A number of linux/x86-64 syscalls accept pointers to structs as arguments.
For example the second parameter of stat(2)
is struct stat*
...
struct stat {
dev_t st_dev; /* ID of device containing file */
ino_t st_ino; /* inode number */
mode_t st_mode; /* protection */
nlink_t st_nlink; /* number of hard links */
uid_t st_uid; /* user ID of owner */
gid_t st_gid; /* group ID of owner */
dev_t st_rdev; /* device ID (if special file) */
off_t st_size; /* total size, in bytes */
blksize_t st_blksize; /* blocksize for file system I/O */
blkcnt_t st_blocks; /* number of 512B blocks allocated */
time_t st_atime; /* time of last access */
time_t st_mtime; /* time of last modification */
time_t st_ctime; /* time of last status change */
};
This means that if you want to call the syscall from pure assembly than you have to know the rules about how big each type is, and whether there is any padding in between members for alignment purposes, and so on.

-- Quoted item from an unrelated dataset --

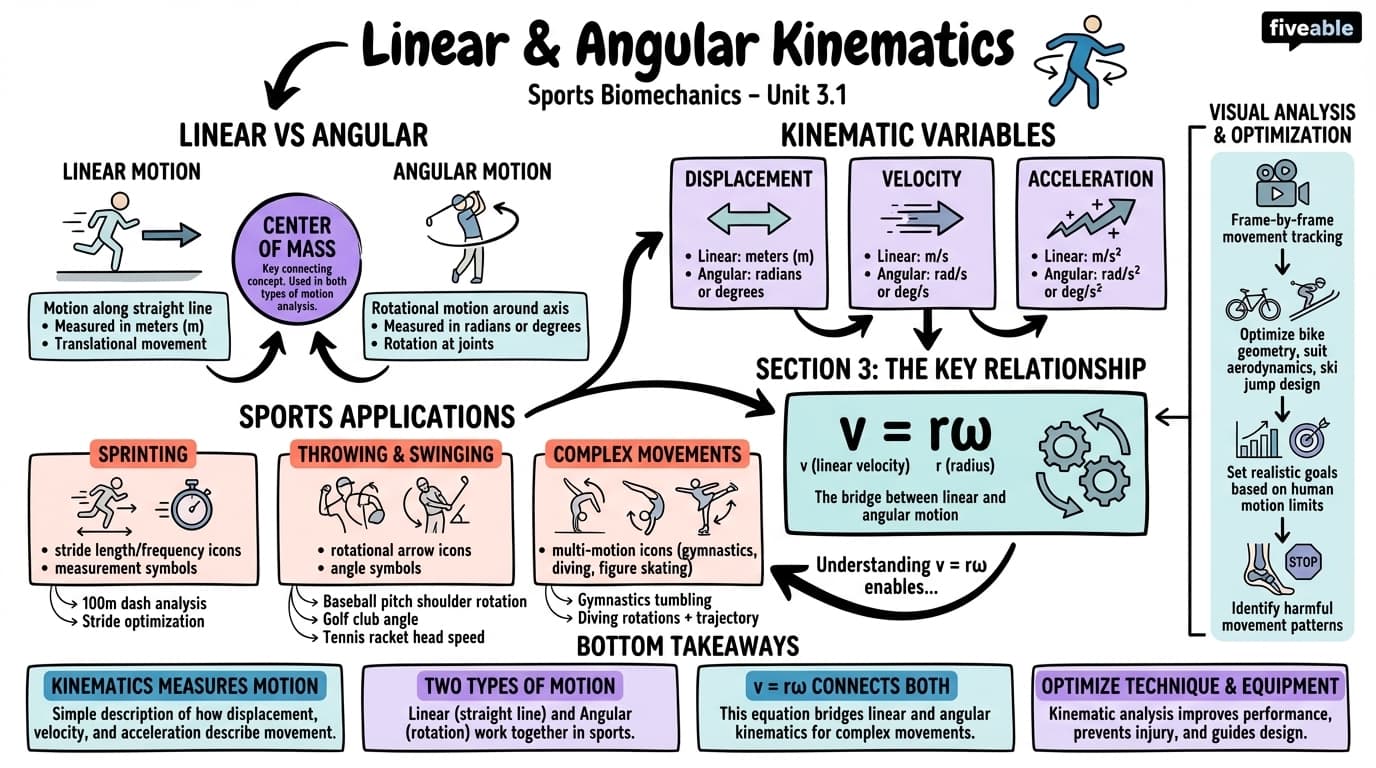 3.1 Linear and angular kinematics - Sports Biomechanics - Unit 3 visual cheatsheet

Does the C standard leave this open to be (compiler) implementation defined or can it be determined from the standard (assuming the primitive type sizes are known)?

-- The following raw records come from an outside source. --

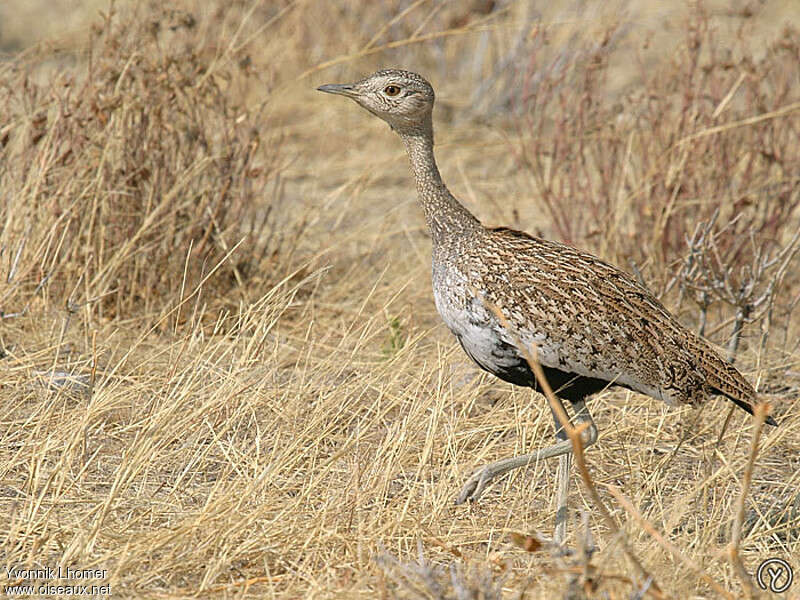 Outarde houppette femelle adulte, identification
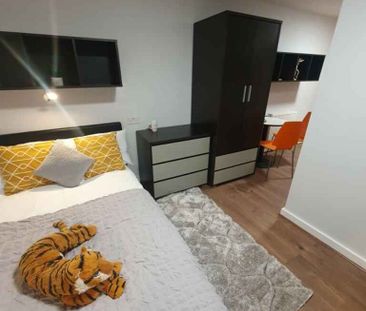 Deluxe Plus Studio - Photo 6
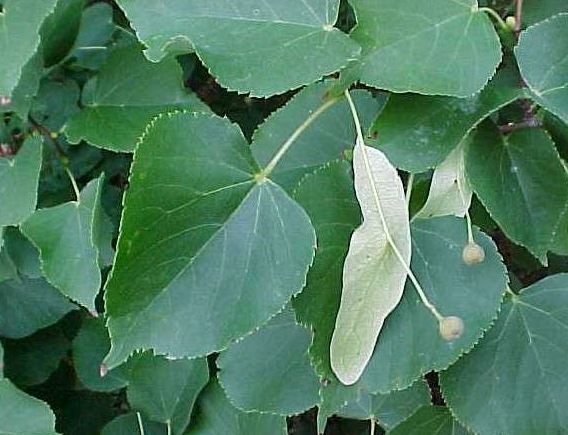 Småbladlind Kafèkasse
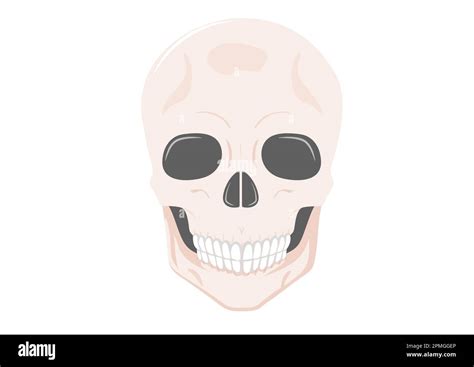 Human Skull Full Face Isolated On White Background Vector Illustration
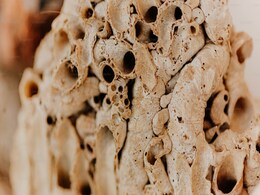 Skeleton in Found Belgium Contains Bones from Five People Across 2,500 Years of History Skeleton in Found Belgium Contains Bones from Five People Across 2,500 Years of History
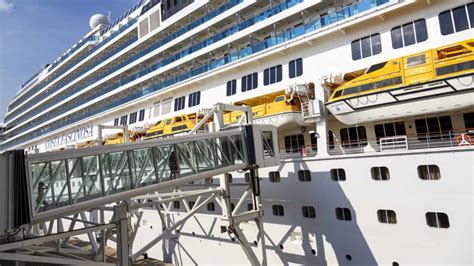 How Long Does It Take to Get Off a Cruise Ship and Why Do Seagulls Always Know When You're About to Eat?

If it is left open, does the kernel or the x86-64 architecture define it in anyway? Or is it just a matter of which compiler the kernel happened to be compiled with?
(That is given some member of the struct I need to calculate the starting offset of that member relative to the address of the struct)
The layout of structs is not defined in the C standard, but in the ABI definition, in your case the System V AMD64 ABI. That is, in general the layout is OS dependent, and all compilers targeting that OS must conform to the ABI (though most will have options to generate different layout if you know what you are doing). The ABI also defines how parameters are passed to functions, how values are returned, which registers must be preserved across calls, and so on.